- Opening Delimiter -

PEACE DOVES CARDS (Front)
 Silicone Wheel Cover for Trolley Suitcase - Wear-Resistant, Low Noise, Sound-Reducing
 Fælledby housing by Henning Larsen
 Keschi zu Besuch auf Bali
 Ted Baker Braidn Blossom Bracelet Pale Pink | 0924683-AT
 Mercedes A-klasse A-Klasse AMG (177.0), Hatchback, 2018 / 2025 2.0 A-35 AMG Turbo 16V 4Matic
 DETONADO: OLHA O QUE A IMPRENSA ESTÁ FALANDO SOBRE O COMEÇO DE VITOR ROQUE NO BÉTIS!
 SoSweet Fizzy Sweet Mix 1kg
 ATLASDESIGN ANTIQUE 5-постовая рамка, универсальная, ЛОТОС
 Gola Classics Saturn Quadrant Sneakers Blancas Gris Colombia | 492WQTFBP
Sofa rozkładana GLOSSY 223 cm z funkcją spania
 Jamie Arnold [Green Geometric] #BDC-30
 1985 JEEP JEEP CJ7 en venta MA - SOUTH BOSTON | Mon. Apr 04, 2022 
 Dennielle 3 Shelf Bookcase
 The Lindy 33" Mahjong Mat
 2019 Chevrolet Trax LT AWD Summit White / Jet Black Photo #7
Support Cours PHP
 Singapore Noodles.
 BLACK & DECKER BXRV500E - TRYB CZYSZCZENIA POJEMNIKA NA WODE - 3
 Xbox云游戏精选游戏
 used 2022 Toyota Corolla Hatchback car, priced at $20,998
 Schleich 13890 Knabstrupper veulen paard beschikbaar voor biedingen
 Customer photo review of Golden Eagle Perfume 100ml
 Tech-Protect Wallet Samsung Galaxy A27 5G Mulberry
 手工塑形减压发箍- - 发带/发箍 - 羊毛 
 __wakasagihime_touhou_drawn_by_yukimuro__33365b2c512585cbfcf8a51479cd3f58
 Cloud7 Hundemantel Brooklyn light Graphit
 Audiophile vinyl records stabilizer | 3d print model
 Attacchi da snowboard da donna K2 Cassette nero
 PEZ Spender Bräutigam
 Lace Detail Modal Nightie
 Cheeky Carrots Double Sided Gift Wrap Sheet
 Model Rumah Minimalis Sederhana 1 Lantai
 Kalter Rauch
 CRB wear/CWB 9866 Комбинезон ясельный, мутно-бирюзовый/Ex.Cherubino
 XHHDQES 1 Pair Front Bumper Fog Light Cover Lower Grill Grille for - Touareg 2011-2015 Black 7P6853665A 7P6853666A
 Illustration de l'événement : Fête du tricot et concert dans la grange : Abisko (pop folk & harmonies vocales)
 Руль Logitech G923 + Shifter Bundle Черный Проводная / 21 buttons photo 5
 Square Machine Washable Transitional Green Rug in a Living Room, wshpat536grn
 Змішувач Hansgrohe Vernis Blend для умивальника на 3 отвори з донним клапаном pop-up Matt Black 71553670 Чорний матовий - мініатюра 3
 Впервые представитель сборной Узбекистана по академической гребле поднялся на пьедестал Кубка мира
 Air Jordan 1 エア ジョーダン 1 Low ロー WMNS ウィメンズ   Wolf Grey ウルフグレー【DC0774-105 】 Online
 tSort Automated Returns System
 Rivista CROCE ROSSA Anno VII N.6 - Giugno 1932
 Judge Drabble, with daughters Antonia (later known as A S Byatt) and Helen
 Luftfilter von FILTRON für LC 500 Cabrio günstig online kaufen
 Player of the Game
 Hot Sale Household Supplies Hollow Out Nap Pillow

- Closing Delimiter -

### What to work on
An exact copy of the lines above between the line holding "Lace Detail Modal Nightie" and the line holding "XHHDQES 1 Pair", inclusive, is the whole answer.

### Response for this exercise
 Lace Detail Modal Nightie
 Cheeky Carrots Double Sided Gift Wrap Sheet
 Model Rumah Minimalis Sederhana 1 Lantai
 Kalter Rauch
 CRB wear/CWB 9866 Комбинезон ясельный, мутно-бирюзовый/Ex.Cherubino
 XHHDQES 1 Pair Front Bumper Fog Light Cover Lower Grill Grille for - Touareg 2011-2015 Black 7P6853665A 7P6853666A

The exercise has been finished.